*** Records provided ***

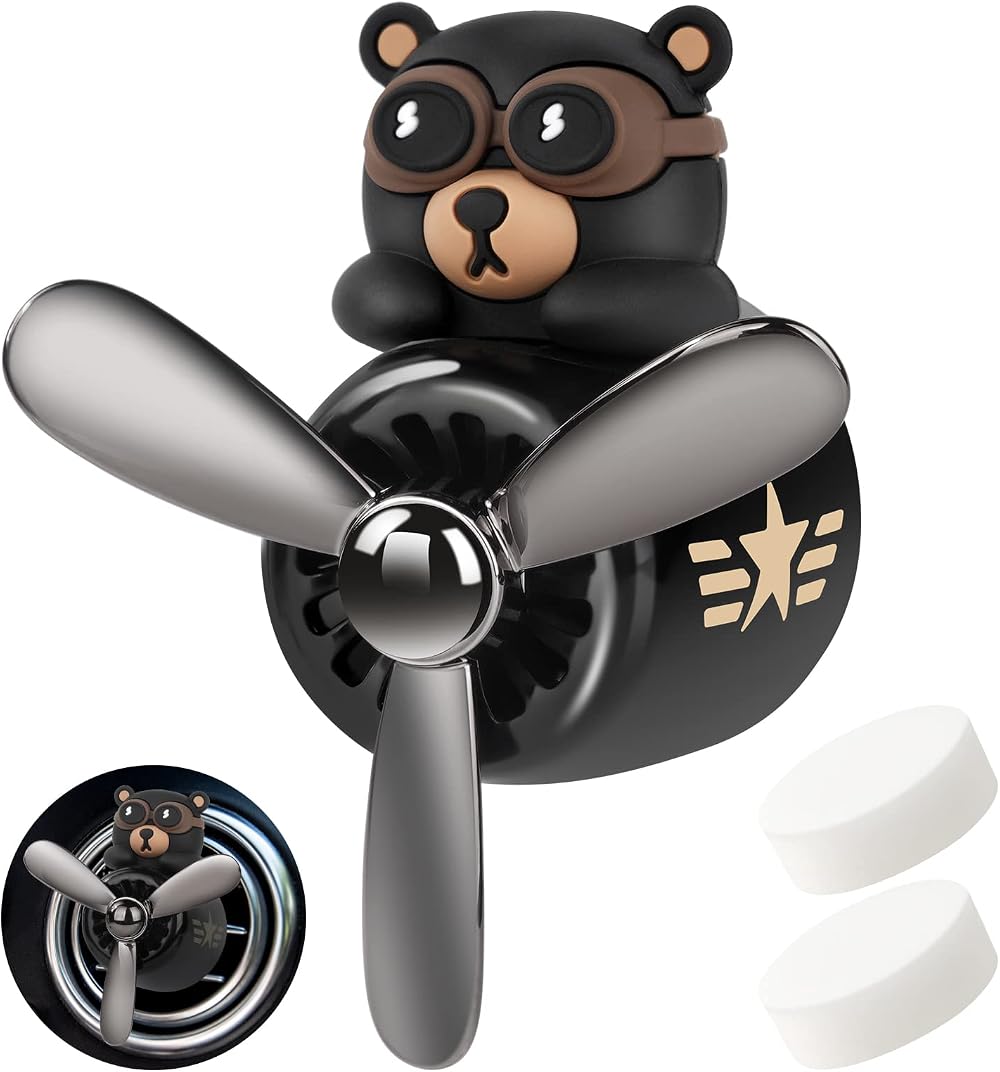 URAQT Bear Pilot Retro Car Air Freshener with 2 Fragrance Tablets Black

*** End of Records provided ***
*** Records provided ***

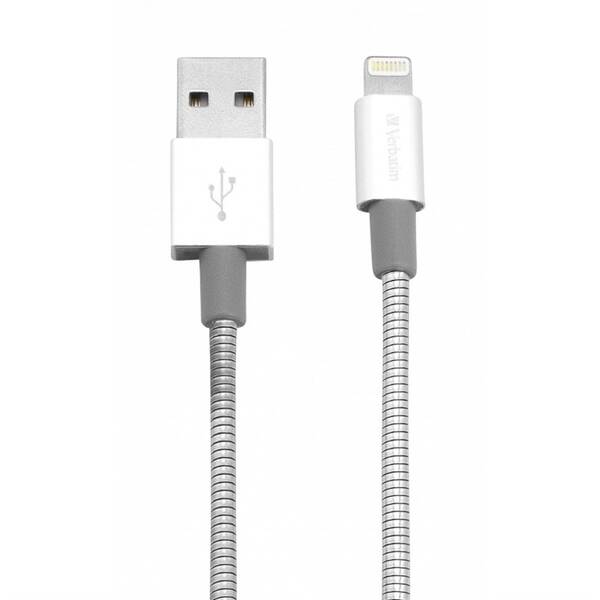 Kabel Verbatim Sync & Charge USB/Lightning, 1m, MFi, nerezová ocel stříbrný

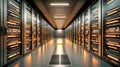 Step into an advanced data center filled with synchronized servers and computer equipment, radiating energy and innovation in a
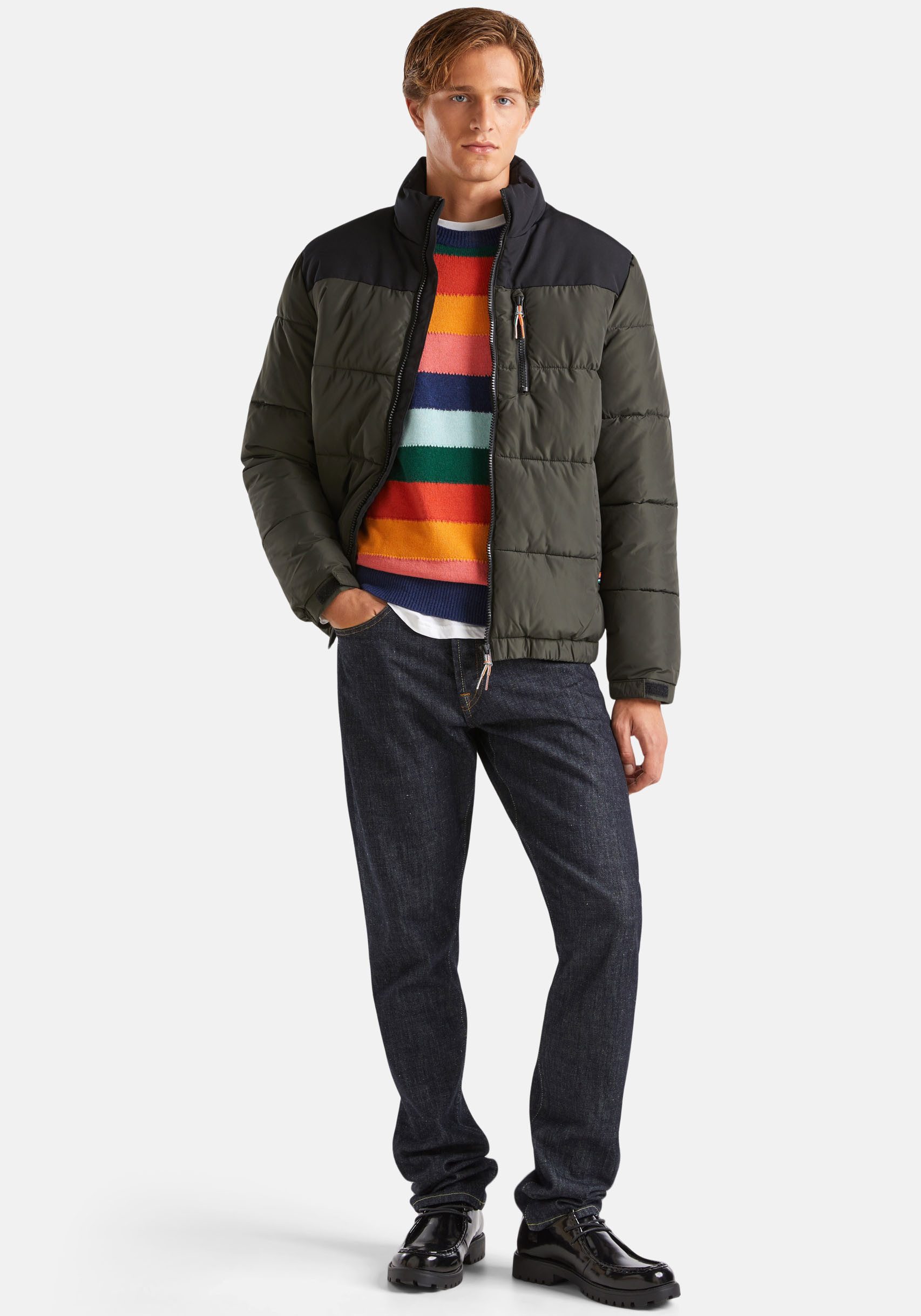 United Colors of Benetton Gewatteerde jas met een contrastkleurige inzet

*** End of Records provided ***

- _Work task_:
Of the lines above, quote exactly those from the one with "Kabel Verbatim Sync" through the one with "Step into an", ends included; pictures stay out.

- _Solution_:
 Kabel Verbatim Sync & Charge USB/Lightning, 1m, MFi, nerezová ocel stříbrný

 Step into an advanced data center filled with synchronized servers and computer equipment, radiating energy and innovation in a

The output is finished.